> REQUIRED ACTION
When you copy the data, keep every word exactly as it is and leave the pictures out.

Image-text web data
▬▬▬▬▬▬

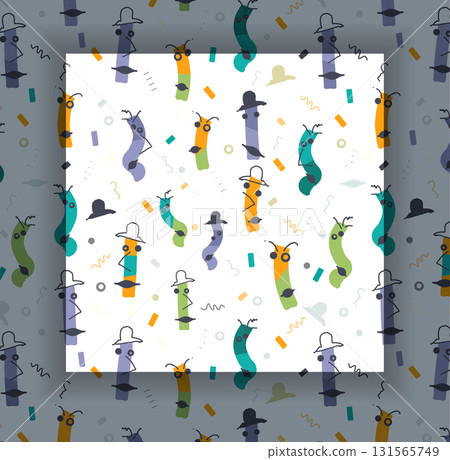 Illustration simple drawing, doodle art kid style. Abstract graphic design, seamless vector pattern with colorful and cute cartoon portrait  131565749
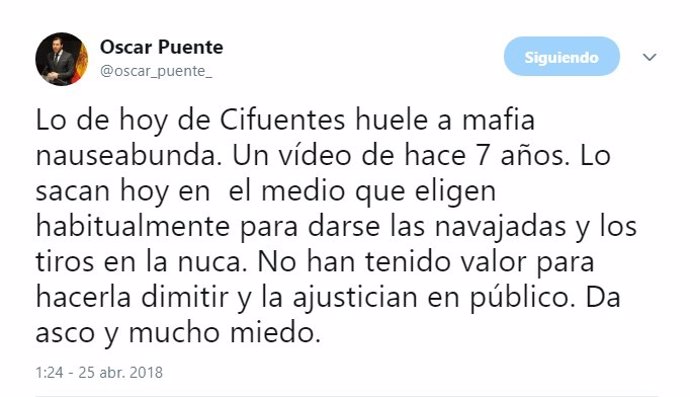 Tuit de Óscar Puente sobre la filtración del vídeo de Cristina Cifuentes. 25-4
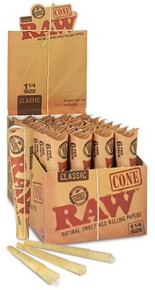 Raw Cones 1 1/4 (32 packs | 6 cones per pack | 192 cones per box)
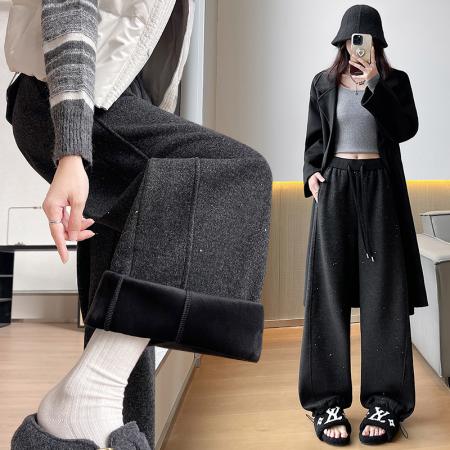FA48928# 双色羊绒加绒亮片弯刀阔腿裤女冬款螺纹高腰百搭休闲香蕉裤 服裝批發女裝批發服飾貨源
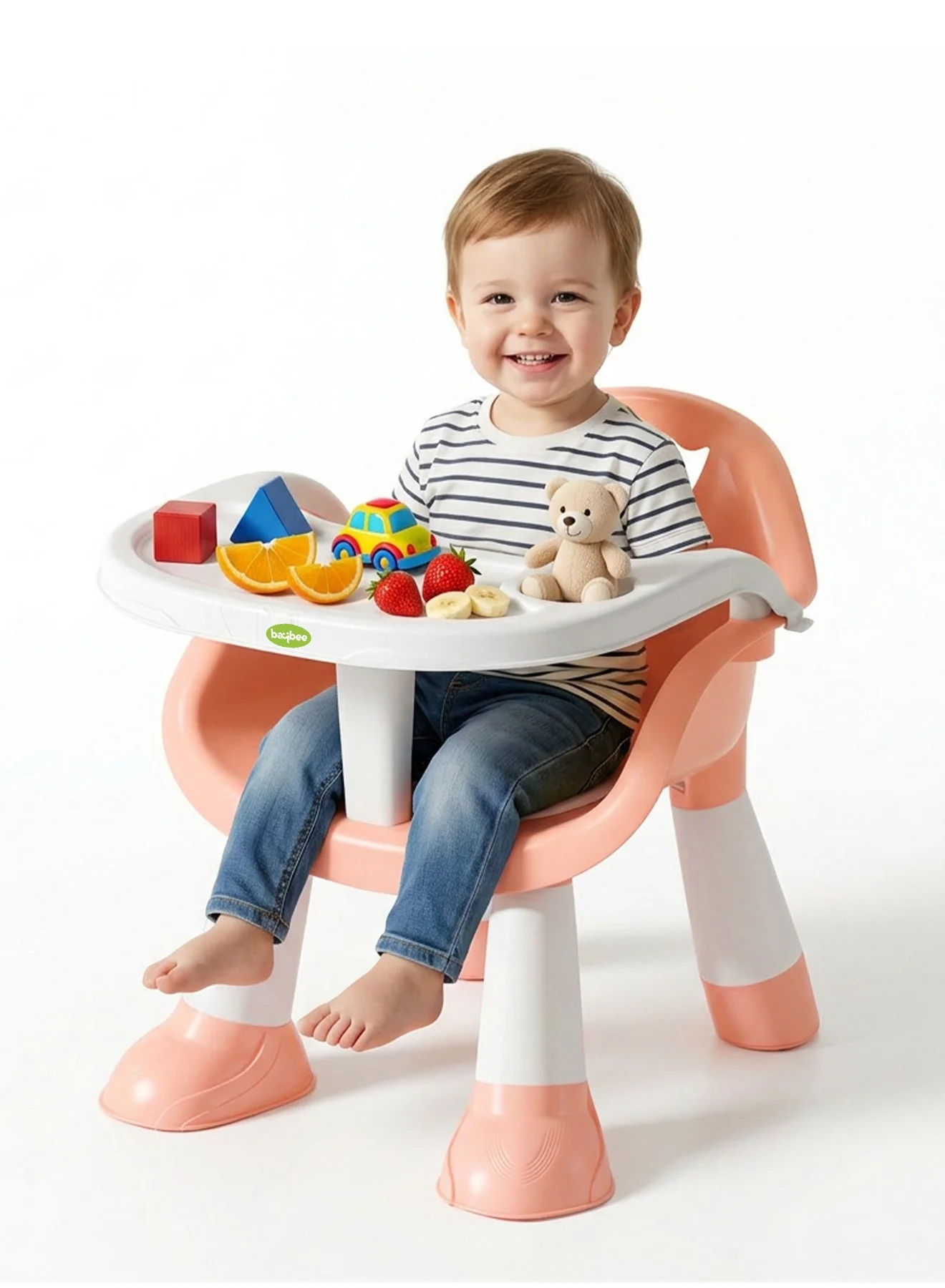 Portable Baby Booster Seat with Feeding Tray for Dining and Travel (Pink, 1-5 Years) 81rj2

▬▬▬▬▬▬

> RESULT FOR THIS EXERCISE
 Illustration simple drawing, doodle art kid style. Abstract graphic design, seamless vector pattern with colorful and cute cartoon portrait  131565749
 Tuit de Óscar Puente sobre la filtración del vídeo de Cristina Cifuentes. 25-4
 Raw Cones 1 1/4 (32 packs | 6 cones per pack | 192 cones per box)
FA48928# 双色羊绒加绒亮片弯刀阔腿裤女冬款螺纹高腰百搭休闲香蕉裤 服裝批發女裝批發服飾貨源
 Portable Baby Booster Seat with Feeding Tray for Dining and Travel (Pink, 1-5 Years) 81rj2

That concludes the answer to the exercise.